Therapist Anne Hooper says:

It helps to first identify your goals.  Ask yourself

  • Does one of you have a sexual problem?
  • Is everything else in the relationship all right?

If either one of you is finding it difficult to experience climax, then you might have a sexual problem.  If your husband is suffering from premature ejaculation or impotence he definitely has a sexual problem.  But if the rest of your relationship feels rocky, then it may be that outside stress is impacting on your love life.

  • Did you know that stress at work can affect sex?
  • That too much smoking and drinking can bring on minor impotence and impair orgasmic response?
  • That the most common sex problem of people who have been together for a long time is BOREDOM?

So how do you introduce the subject?  Take a positive approach.  Don’t say “Our sex life is terrible”.  Do say  “I’d love to try out some new ideas, and this is what I propose?”
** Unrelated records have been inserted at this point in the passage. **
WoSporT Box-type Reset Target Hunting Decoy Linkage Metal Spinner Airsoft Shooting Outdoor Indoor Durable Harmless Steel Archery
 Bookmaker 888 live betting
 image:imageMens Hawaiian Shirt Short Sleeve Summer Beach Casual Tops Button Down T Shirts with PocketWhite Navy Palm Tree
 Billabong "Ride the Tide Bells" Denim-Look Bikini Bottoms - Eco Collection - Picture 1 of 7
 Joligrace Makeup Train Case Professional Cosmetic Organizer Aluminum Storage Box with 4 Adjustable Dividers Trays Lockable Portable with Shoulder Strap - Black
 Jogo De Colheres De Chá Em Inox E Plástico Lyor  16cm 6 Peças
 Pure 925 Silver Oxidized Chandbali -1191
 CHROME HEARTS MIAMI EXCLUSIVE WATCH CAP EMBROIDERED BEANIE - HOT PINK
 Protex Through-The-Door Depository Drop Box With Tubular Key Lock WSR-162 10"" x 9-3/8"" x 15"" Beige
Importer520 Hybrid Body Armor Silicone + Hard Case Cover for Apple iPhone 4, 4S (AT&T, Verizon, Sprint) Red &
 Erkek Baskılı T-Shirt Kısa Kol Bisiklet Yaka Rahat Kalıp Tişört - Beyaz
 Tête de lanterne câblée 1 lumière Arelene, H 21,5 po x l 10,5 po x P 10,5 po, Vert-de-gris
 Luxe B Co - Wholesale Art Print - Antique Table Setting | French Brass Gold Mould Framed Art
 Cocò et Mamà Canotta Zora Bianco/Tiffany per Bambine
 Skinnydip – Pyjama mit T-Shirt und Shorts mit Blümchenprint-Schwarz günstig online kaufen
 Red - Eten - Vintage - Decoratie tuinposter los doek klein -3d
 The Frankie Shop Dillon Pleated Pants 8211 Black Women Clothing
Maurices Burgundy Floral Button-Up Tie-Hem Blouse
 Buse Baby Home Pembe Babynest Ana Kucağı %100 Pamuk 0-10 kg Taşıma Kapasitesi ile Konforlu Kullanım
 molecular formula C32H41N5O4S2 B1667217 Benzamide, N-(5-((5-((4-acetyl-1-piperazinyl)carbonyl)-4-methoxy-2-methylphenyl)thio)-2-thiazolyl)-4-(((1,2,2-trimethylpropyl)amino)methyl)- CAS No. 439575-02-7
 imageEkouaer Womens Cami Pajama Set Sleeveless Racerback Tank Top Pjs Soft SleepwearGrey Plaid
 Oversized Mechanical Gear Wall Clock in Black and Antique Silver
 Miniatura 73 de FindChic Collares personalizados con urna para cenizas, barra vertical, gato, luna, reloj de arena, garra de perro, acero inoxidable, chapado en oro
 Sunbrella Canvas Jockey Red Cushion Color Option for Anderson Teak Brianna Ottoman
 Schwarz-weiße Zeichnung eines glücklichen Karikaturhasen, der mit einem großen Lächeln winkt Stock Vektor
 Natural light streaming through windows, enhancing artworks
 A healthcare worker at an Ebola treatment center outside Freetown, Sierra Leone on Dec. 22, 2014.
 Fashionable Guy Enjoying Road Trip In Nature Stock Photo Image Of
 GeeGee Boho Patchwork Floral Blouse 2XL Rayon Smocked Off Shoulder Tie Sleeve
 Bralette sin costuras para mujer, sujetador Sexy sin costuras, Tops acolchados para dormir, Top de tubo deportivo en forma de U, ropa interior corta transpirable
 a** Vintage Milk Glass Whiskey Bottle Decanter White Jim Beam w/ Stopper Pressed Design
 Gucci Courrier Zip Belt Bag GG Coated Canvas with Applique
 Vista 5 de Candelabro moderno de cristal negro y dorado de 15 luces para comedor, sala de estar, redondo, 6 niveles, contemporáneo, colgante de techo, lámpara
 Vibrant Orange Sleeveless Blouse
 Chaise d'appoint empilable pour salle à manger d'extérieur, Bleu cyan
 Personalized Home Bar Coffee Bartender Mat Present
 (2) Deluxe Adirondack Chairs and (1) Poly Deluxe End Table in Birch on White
  • A little self-help sex therapy works wonders for minor sex problems.  These usually start with a massage which can be a gorgeous new addition to sex.
  • Talk about ways in which you might de-stress yourselves in general.  Take time off.
  • If you suspect the problem is organic, ie. there is something physically wrong, then you must consult your doctor and ask for referral to a sexual dysfunction clinic.  It never hurts to cut down smoking and drinking.
    • If the problem is boredom then I suggest you borrow a copy of my book Ultimate Sexual Touch, (Dorling Kindersley) from the library and follow through some of the suggestions and scenarios, not to mention the erotic massage outlined there.  Just looking at the pictures will spice up your love life.

    1. I think you’re making a big mistake

    The two of you have been friends for ever.  You’ve seen each other through dozens of traumas.  Now your best girlfriend is thinking of getting married.  And you know she is making a terrible choice.  Do you speak up and risk ruining a marvellous friendship?  And is there any way of managing it so that the hurt is minimized?


    Therapist Anne Hooper says:

    There are few real rules to friendship and it is not imperative you speak up.  It may be that you will be a better friend by supporting your girlfriend in general rather than by commenting now.  Friends don’t usually like it when they are ‘told what to do’.  But if you absolutely must, then yes, there are a number of ways to handle things.

    • You might float the idea that something is wrong by asking questions which lead her toward thinking through some of the problems.  “Did you know that Laurie has been in trouble with the police?”
    • You might talk about a mythical friend who gets married in a similar situation, and then describe in graphic detail, why the marriage crashed.
    • You might state “I worry that Laurie might be violent with you?  I’ve heard that he was violent with his last two girlfriends”.
      • If your friend shows little response you would be best to leave things.  You can feel satisfied that you have laid the facts in front of her in a non-judgemental way.  By only stating what is publicly known, you have not laid yourself open to any personal criticism.  Sometimes we have to accept that other people make decisions which are harmful to themselves and that this is their choice.